Captioned web image data:

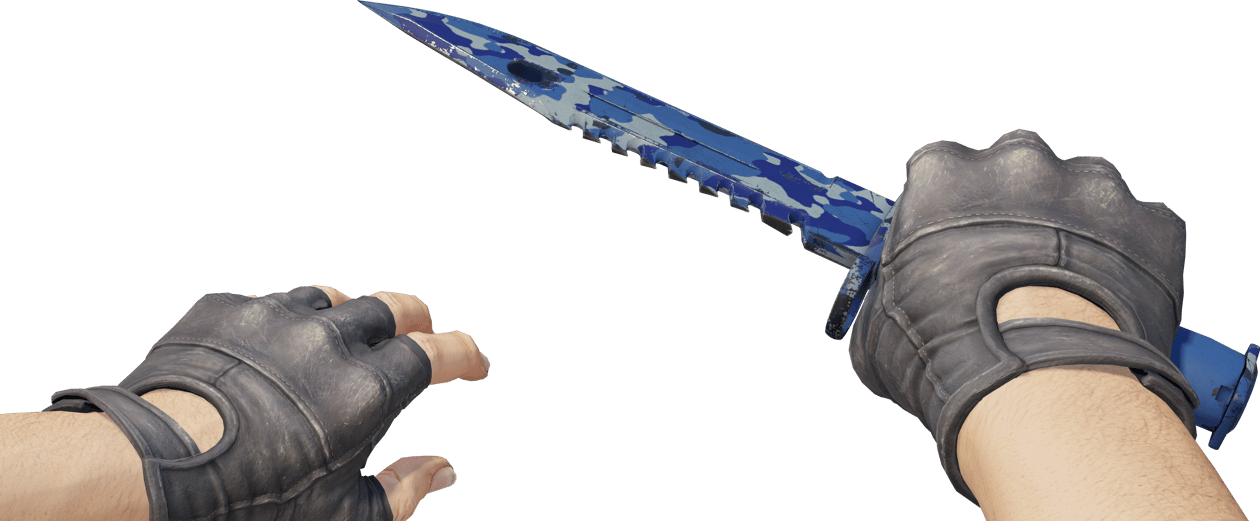 Preview image 4 of ★ M9 Bayonet | Parlak Su (Görevde Kullanılmış)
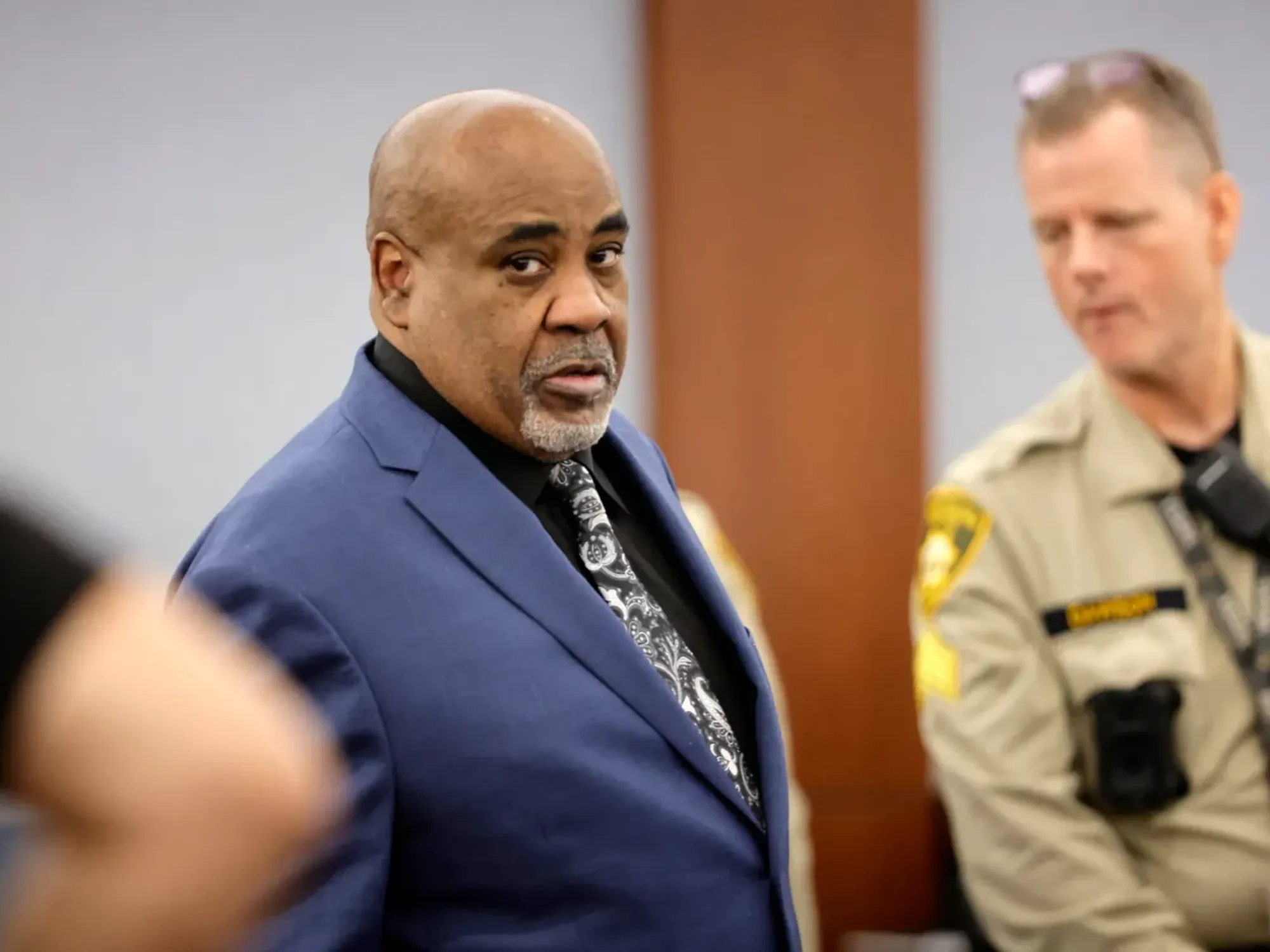 Duane ‘Keffe D’ Davis Found Guilty in Murder of Tupac Shakur — image 3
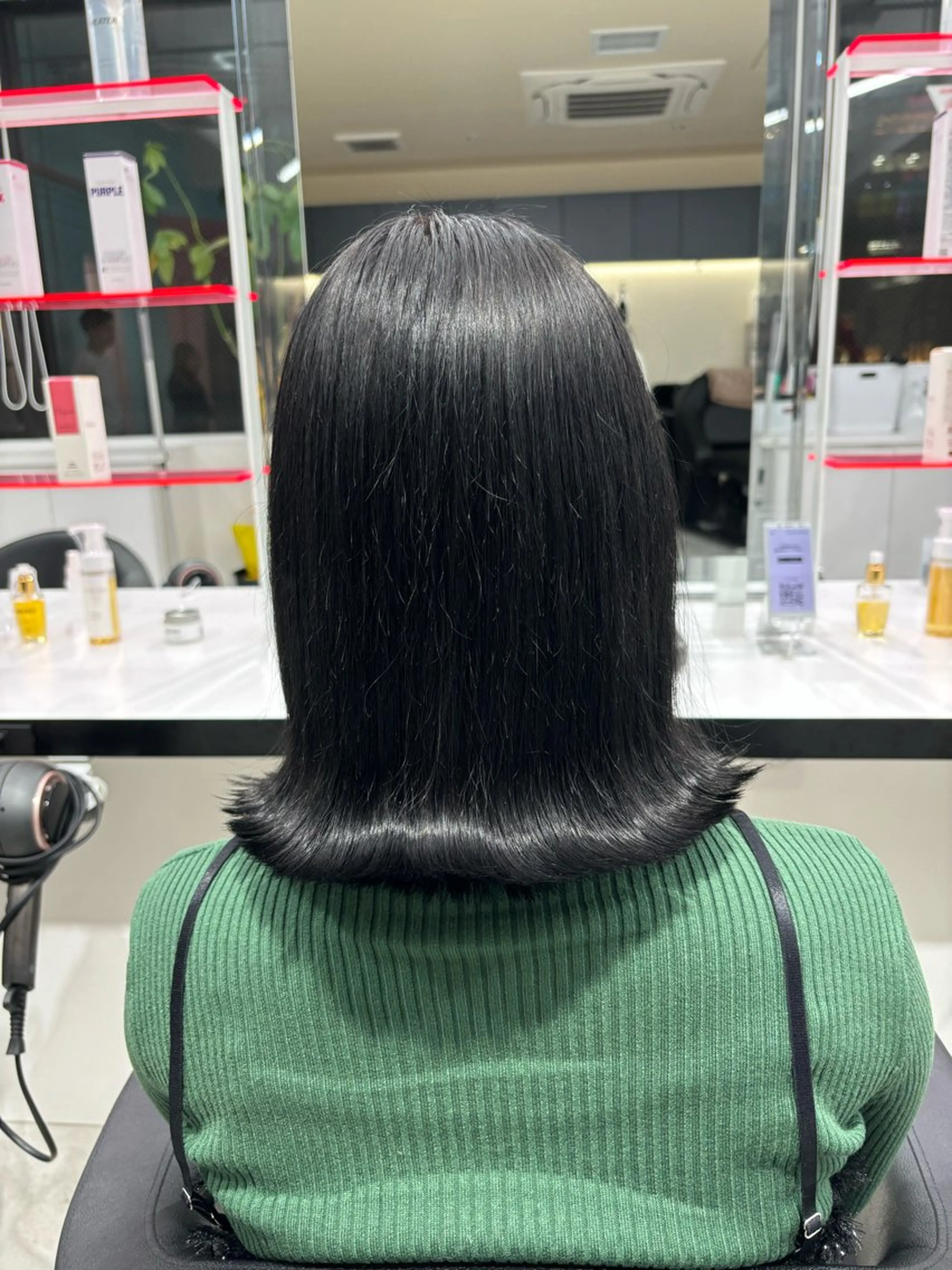 カラー ヘアカラー Wカラー/暖色/べ ージュりく©︎🐝のヘアスタイル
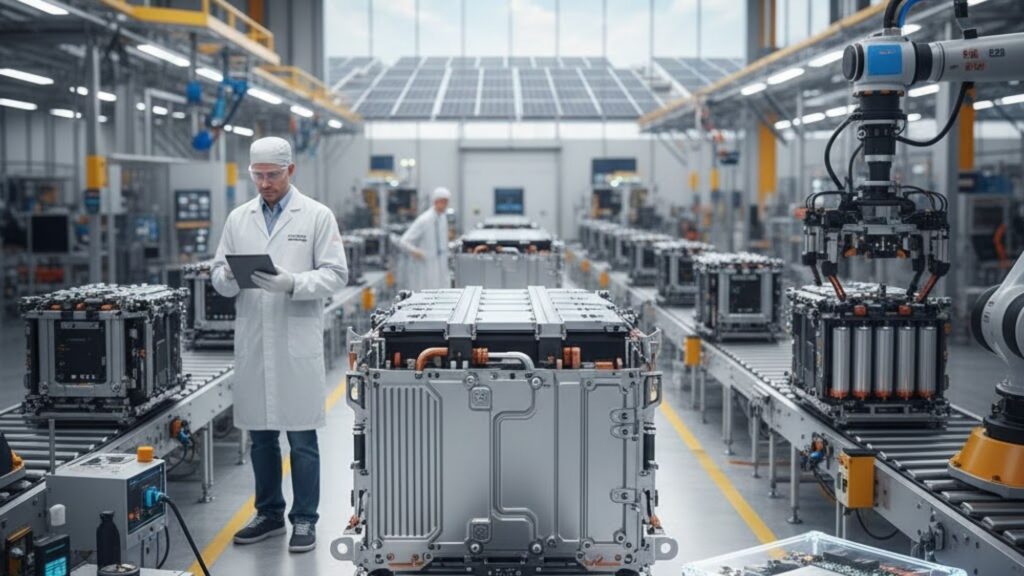 Light Vehicle Batteries Market Trends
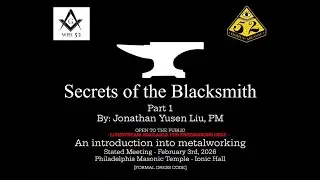 2/3/2026 - WPH 52 Feb Stated - Secrets of the Blacksmith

# Problem details
Please output all of the entries above exactly, but without any picture.

# Response for this exercise
 Preview image 4 of ★ M9 Bayonet | Parlak Su (Görevde Kullanılmış)
 Duane ‘Keffe D’ Davis Found Guilty in Murder of Tupac Shakur — image 3
 カラー ヘアカラー Wカラー/暖色/べ ージュりく©︎🐝のヘアスタイル
 Light Vehicle Batteries Market Trends
 2/3/2026 - WPH 52 Feb Stated - Secrets of the Blacksmith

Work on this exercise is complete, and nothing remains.